Turing machine that can remember

Question

Special Turing Machine is defined just like standard Turing Machine, only that each step is made according to the content of the tape starting from the left edge to the head position in tape. (The transition function in this case belongs to Q X Γ* -> Q X Γ X {L,R})

Which of the following is true:

A. Every language L has a Turing machine that decides L if and only if there is a special Turing machine that decides L.

B. Every language L has a Turing machine that decides L in a polynomial time if and only if there is an special Turing machine that decides L in a polynomial (input length polynomial).

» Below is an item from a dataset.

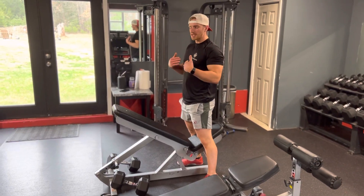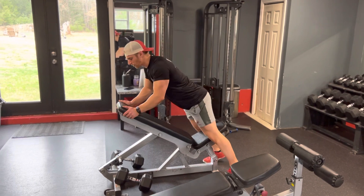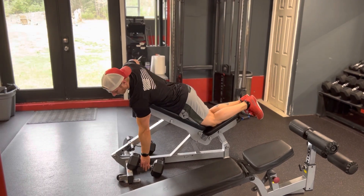Alright guys, so we're going to do a chest supported dumbbell row. You're going to put a bench up on an incline, about a 45 degree sit back. I like to throw my knees up on the bottom half of that pad. You can keep them on the ground, whatever's comfortable for you.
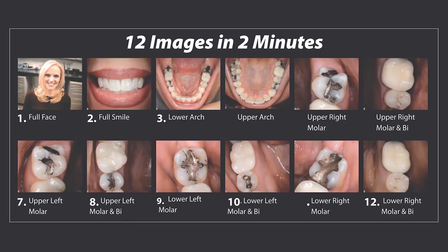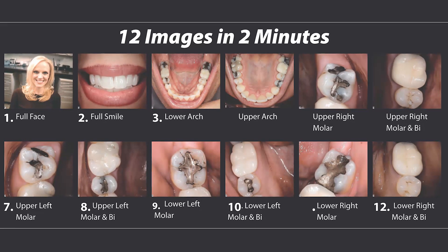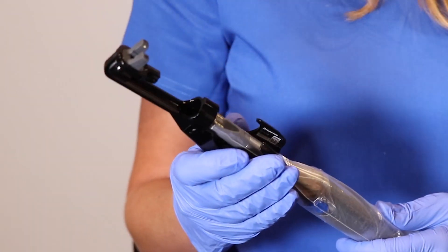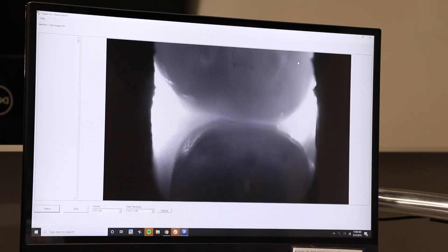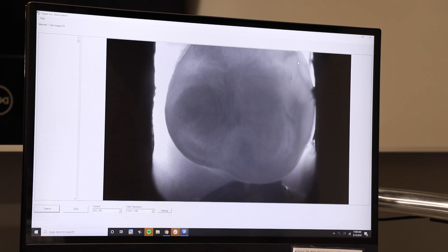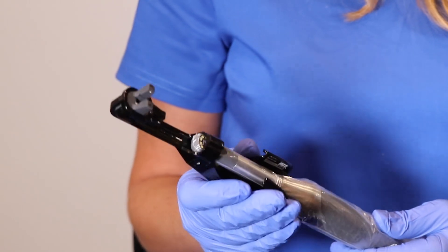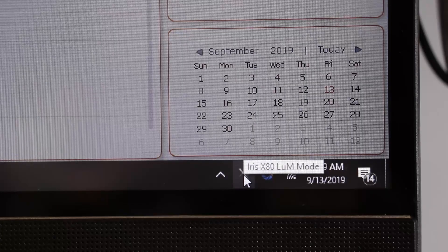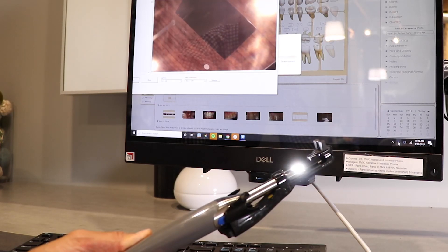When to take loom images: most dental offices equip their hygienists with the loom. After taking the intraoral camera photos, they simply attach the loom, double-click the icon, and take a tour of the patient's mouth while in loom mode. Then they slide the loom back off of the camera, double-click that icon again, and the camera light will come back on and you'll be back in color mode.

C. A,B answers are correct.

D. A,B answers are incorrect.

and my question is: the correct answer is D and I can't understand why.

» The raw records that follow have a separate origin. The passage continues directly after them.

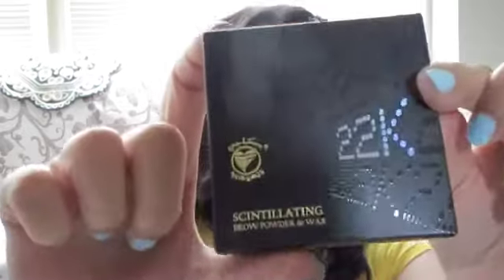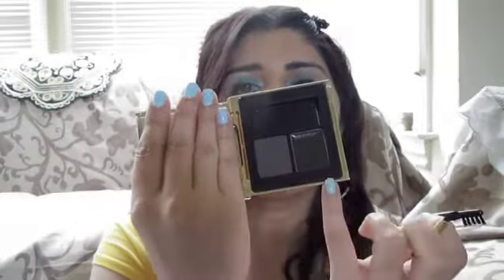Lastly from this set, something I really needed — this is the brow powder and wax in Dusty Brown. It comes in a gold compact with four square cubes. It includes a tiny brush and another brush — one for the powder and one for the wax. I can't wait to start using this.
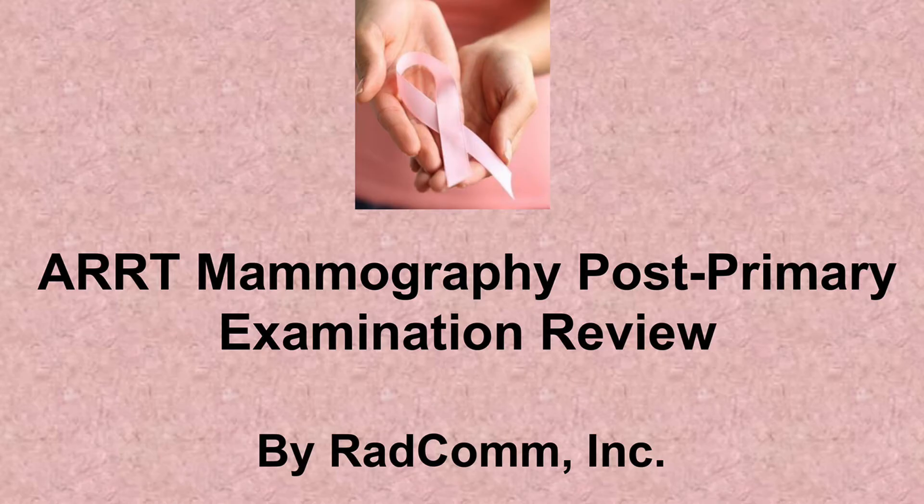Our second review is the ARRT mammography exam review. Perhaps you already have a number of breast imaging books and reviews to assist you in preparation for the mammography exam. Well, this learning tool is different. It provides the facts you need. The review includes statistics, images, an extensive glossary of terms, and important information on digital mammography to help you prepare for the mammography examination.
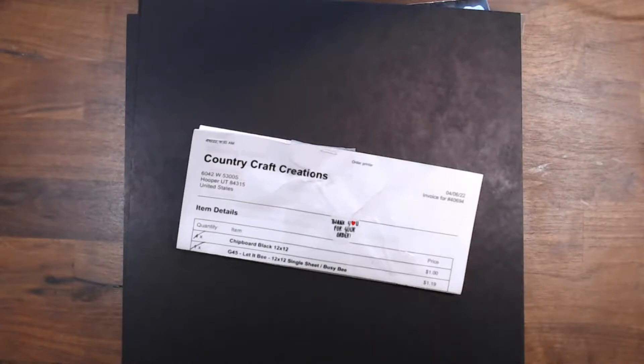Hello everyone, this is Debbie from Project 39 Mini Albums. I just received my box which had my Design Team package from Country Craft Creations, and I did a video yesterday showing you all of the fabulous things that I received in that box.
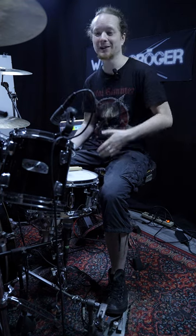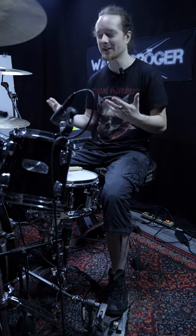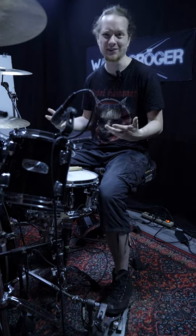You can play reasonably fast with your right and your left foot separately, but once you start playing double bass with both feet, you get this.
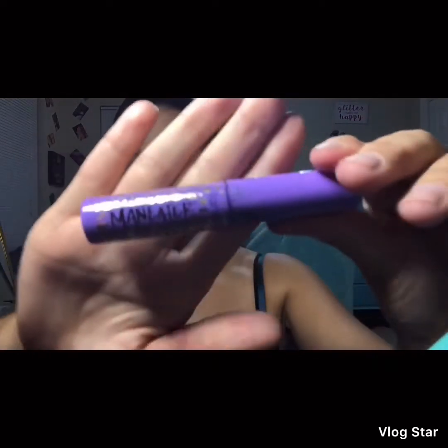I'm actually using this version of the Man Eater because the other one I've used so much it's pretty much dried out completely. This one I got in my Ipsy makeup bag, which is a monthly subscription — they send you about five samples for ten bucks, including name-brand mascaras, lip glosses, and highlighters.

The answer is: Each language can be decided by a special Turing machine in linear input length time (O(n) when n is the input length). A transition function goes to the right as long as no blank space is seen, and as soon as you see a blank space switches to receiving or rejecting according to the word written on the tape.

My question is: How can I decide whether to reject or accept a word? In other computational models, such as PDA, DFA, we defined the transition function similarly, and no power was added to the model. Why does it seem that power is added to the computational model as a result of the change of the transition function when it comes to Turing machines?

Thanks.

Answer 1

Given any language $L$ there is a special Turing machine $T$ that decides $L$ in polynomial time.

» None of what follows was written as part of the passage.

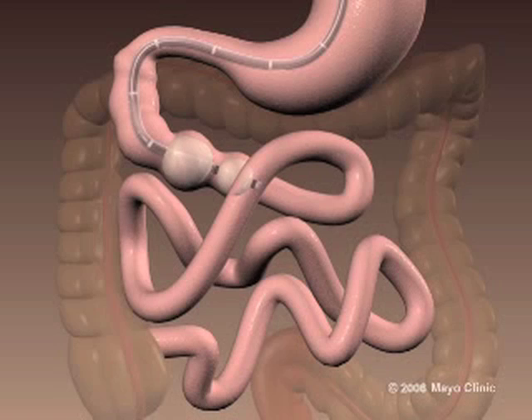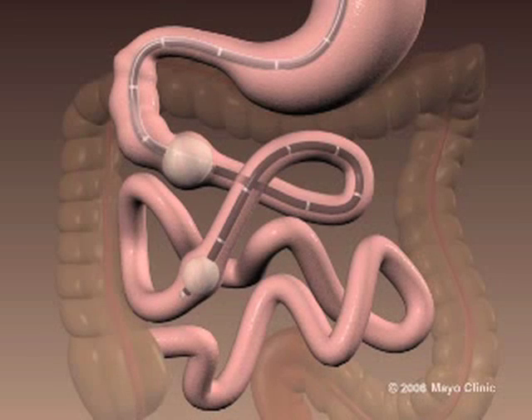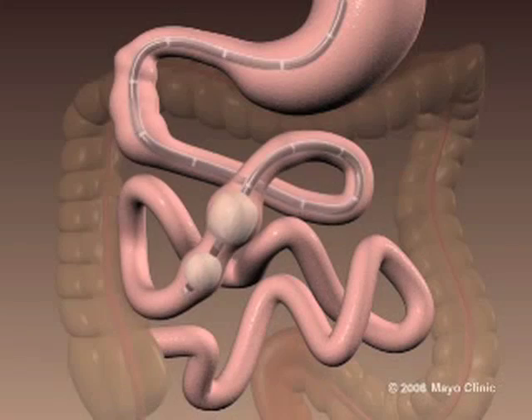This shortens the small bowel and allows further advancement of the instrument deep into the intestine. It is possible to examine the entire small bowel in one antegrade exam, or by combining an antegrade exam with a transrectal retrograde exam in order to achieve complete enteroscopy.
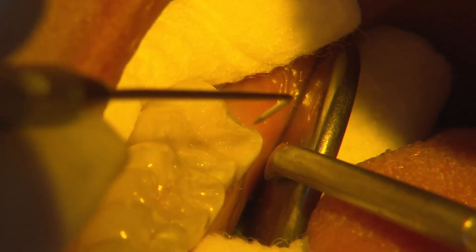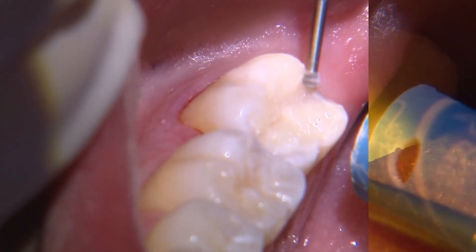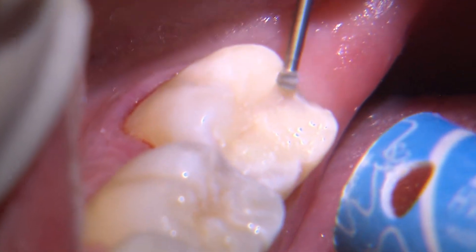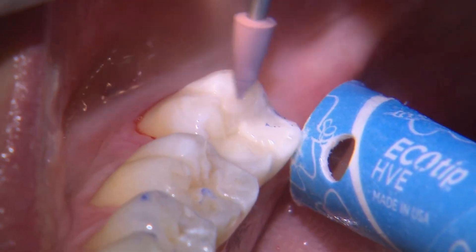I use an explorer to define the primary anatomy between each cusp's slope. With a slow-speed round burr, I remove any excess along the margins and adjust any high occlusal spots. I then finish with rubber-tip composite polishers to achieve a smooth surface.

The Turing machine has 3 states: the initial states $q_0$, the accepting state $q_A$ and the rejecting state $q_R$. Let $\Gamma$ be the tape alphabet (including the blank symbol $\varepsilon$), and let $\alpha x$ denote the contents of the tape starting from the left edge to the head position in tape, where $\alpha \in \Gamma^*$ and $x \in \Gamma$. As usual, I am going to assume that the input is written starting from the beginning of the tape and that the head is initially positioned at the beginning of the tape. The transition function $\delta$ is defined as follows:

• $\delta(q_0, \alpha x) = (q_0, x, R)$ if $x \neq \varepsilon$
• $\delta(q_0, \alpha x) = (q_A, x, R)$ if $x = \varepsilon$ and $\alpha \in L$
• $\delta(q_0, \alpha x) = (q_A, x, R)$ if $x = \varepsilon$ and $\alpha \not\in L$

Since there are undecidable languages for regular Turing Machines, this immediately implies that A and B are false.

Answers D and C are unclear. They talk about "both answers" but you are given $4$ possible answers.